=== Provided records ===

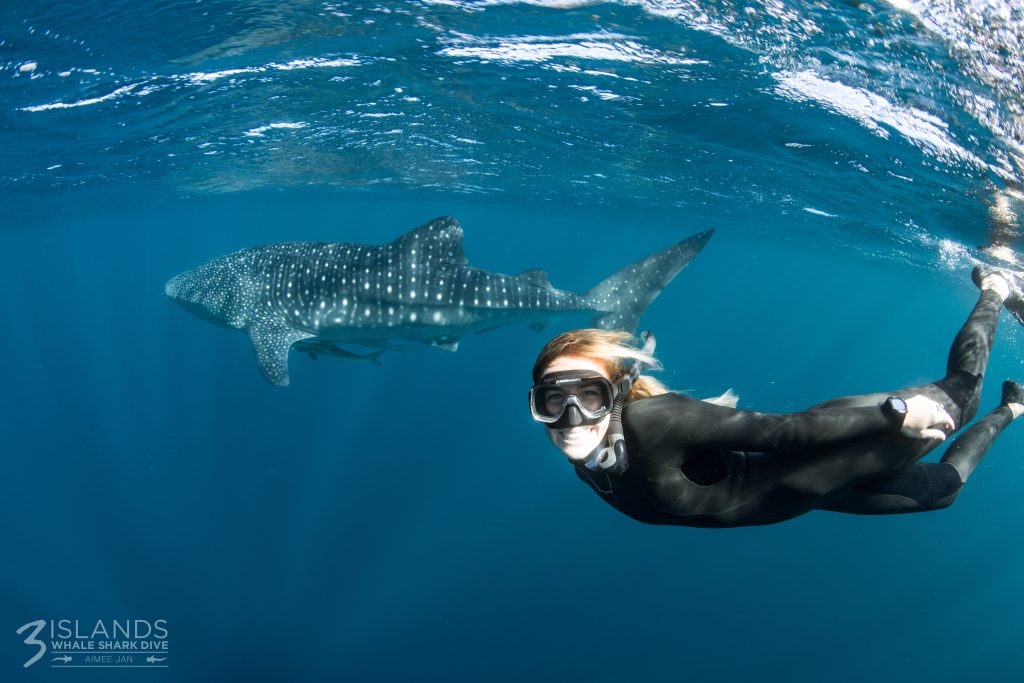 How to swim with whale sharks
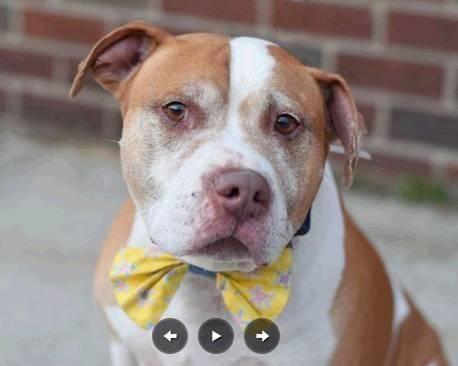 Handsome red nose amstaff Puma in danger@Brooklyn kill shelter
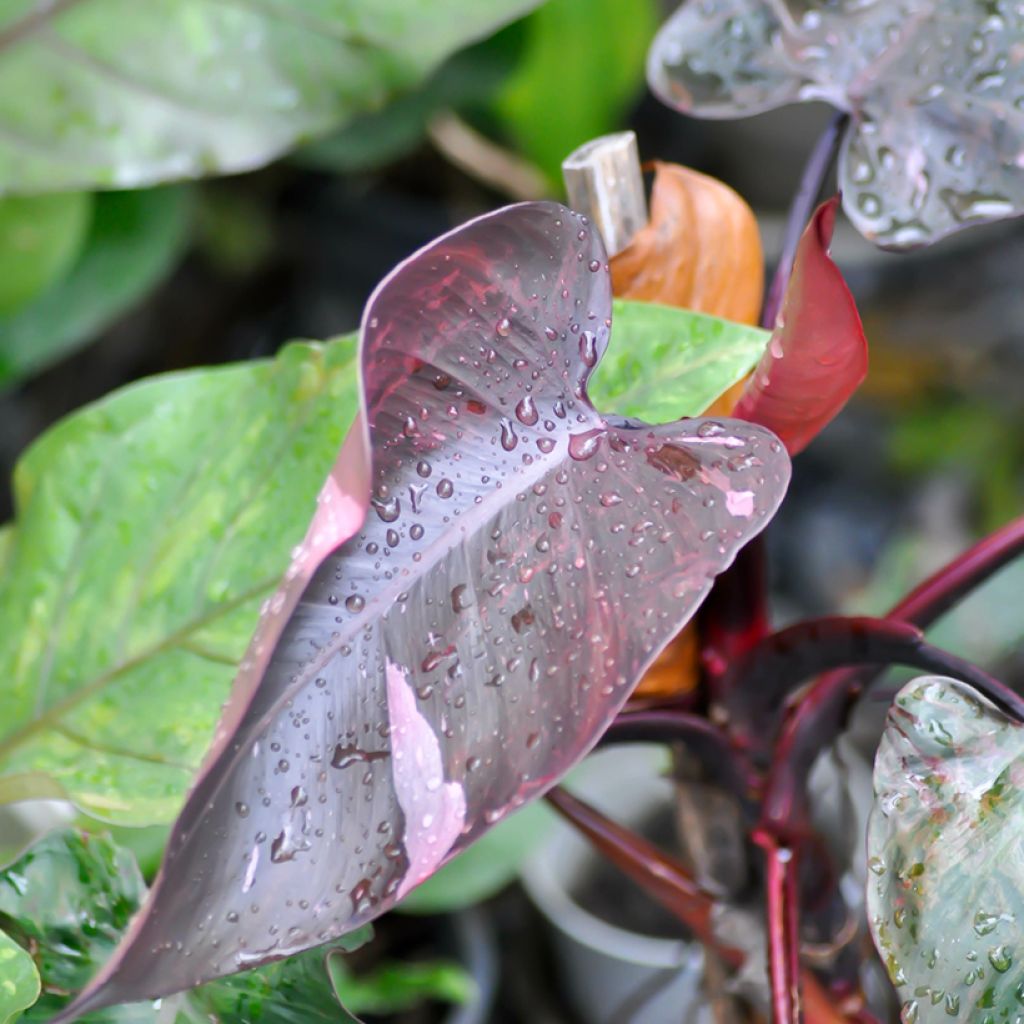 Philodendron x erubescens Pink Princess - Hybrid Philodendron Pink Princess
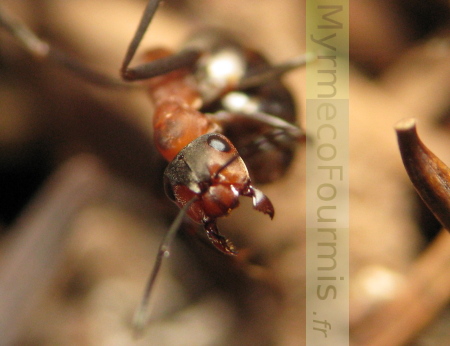 Ouvrière de fourmi des bois prenant une posture dissuasive.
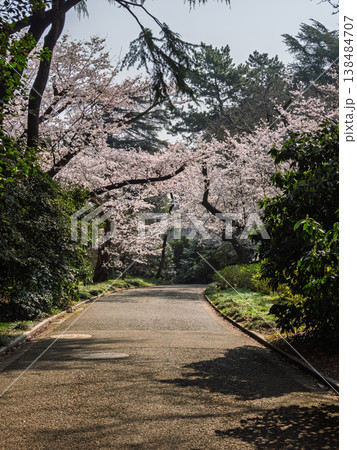 奥へ続く園路と桜並木　無人の春の公園風景 138484707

===

Once the pictures have been removed, reproduce each line of the material above exactly.

• Written solution:
 How to swim with whale sharks
 Handsome red nose amstaff Puma in danger@Brooklyn kill shelter
 Philodendron x erubescens Pink Princess - Hybrid Philodendron Pink Princess
 Ouvrière de fourmi des bois prenant une posture dissuasive.
 奥へ続く園路と桜並木　無人の春の公園風景 138484707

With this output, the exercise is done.